And how about Sorry for Myself?
“Look into my heart and tell me I am a complete disaster
Wasn’t that what you were after?
Always thought it was
Wasn’t I complete desire – filthy ash without the fire
You could not have been much higher
Without some kind of drug
I can’t do anything – I don’t need anybody else
I just feel sorry for myself”
But I don’t want to give the impression that she is a one trick pony, emotionally speaking. (although I do love the fact that she named her “Best of” album Jann Arden’s Greatest Hurts. That always made me smile.)
Another stand out for me is Waiting In Canada. I stuck a youtube clip of this song at the beginning of the post so I wouldn’t have to copy out the whole damn thing, but the feeling of anticipation from two lovers meeting is so tangible in these lyrics, I always get goosebumps when she sings “or drive your car all night by just starlight” in the chorus. A lot of her songs carry the theme of “getting away” and “getting on the road”, or “escaping something”. Ever since I read the “Open Road” chapter in Wind in the Willows as a kid right up to reading Jack Kerouac’s On the Road in my early 20’s, I’ve been a bit obsessed with escaping into another world by car.

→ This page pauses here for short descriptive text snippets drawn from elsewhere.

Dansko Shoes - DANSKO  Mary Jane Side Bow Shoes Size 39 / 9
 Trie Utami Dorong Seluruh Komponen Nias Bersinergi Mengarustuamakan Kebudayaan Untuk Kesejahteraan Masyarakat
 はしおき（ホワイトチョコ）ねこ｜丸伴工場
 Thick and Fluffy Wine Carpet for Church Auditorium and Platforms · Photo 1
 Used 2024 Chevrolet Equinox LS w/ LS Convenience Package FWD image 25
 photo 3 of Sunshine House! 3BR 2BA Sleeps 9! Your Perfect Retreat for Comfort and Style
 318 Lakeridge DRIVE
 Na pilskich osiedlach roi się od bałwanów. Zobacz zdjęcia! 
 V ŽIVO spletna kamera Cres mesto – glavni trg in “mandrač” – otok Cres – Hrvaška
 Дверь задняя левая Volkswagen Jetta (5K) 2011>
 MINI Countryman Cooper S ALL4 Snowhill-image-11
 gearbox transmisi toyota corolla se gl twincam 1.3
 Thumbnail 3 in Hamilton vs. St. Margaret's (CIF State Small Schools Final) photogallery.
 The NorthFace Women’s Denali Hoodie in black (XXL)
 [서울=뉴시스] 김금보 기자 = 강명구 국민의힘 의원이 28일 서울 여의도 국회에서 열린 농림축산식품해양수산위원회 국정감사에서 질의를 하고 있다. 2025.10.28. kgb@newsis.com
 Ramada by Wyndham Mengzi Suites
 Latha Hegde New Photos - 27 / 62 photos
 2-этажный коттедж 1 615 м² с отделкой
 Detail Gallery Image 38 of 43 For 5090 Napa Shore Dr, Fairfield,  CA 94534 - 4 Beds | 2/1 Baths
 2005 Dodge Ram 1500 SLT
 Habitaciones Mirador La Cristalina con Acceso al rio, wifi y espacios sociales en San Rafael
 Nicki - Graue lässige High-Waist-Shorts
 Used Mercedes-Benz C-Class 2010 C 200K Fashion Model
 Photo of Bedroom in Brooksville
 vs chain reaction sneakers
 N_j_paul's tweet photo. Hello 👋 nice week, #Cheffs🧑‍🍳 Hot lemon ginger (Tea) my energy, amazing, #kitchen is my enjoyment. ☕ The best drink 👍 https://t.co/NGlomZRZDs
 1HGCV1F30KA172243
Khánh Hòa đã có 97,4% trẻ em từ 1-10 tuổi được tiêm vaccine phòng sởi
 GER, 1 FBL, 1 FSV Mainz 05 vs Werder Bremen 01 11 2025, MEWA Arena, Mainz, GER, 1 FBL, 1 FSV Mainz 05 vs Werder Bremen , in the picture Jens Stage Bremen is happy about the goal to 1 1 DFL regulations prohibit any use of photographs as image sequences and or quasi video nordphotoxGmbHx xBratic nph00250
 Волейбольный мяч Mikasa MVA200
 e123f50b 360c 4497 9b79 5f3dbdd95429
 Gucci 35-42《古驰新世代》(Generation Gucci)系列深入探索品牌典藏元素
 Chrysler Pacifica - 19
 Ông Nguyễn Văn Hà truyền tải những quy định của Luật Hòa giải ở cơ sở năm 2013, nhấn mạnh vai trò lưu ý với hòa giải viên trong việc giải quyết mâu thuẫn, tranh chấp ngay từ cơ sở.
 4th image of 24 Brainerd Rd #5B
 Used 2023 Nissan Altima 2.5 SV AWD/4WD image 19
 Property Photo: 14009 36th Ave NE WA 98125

Maybe we all are, to a certain degree. Maybe it’s just a part of being human to feel a longing to get away, to start anew with something, someone new. The sense of total freedom. The hashtag #onward transformed into melody, as seen in the following words from Where No One Knows Me:
“Feel the sunburn on my skin
I feel the wind whip through my grin
Took the rear-view mirror down
I wrapped it in my wedding gown”.
I could go on and on, but I should say a word or two about the actual concert, right?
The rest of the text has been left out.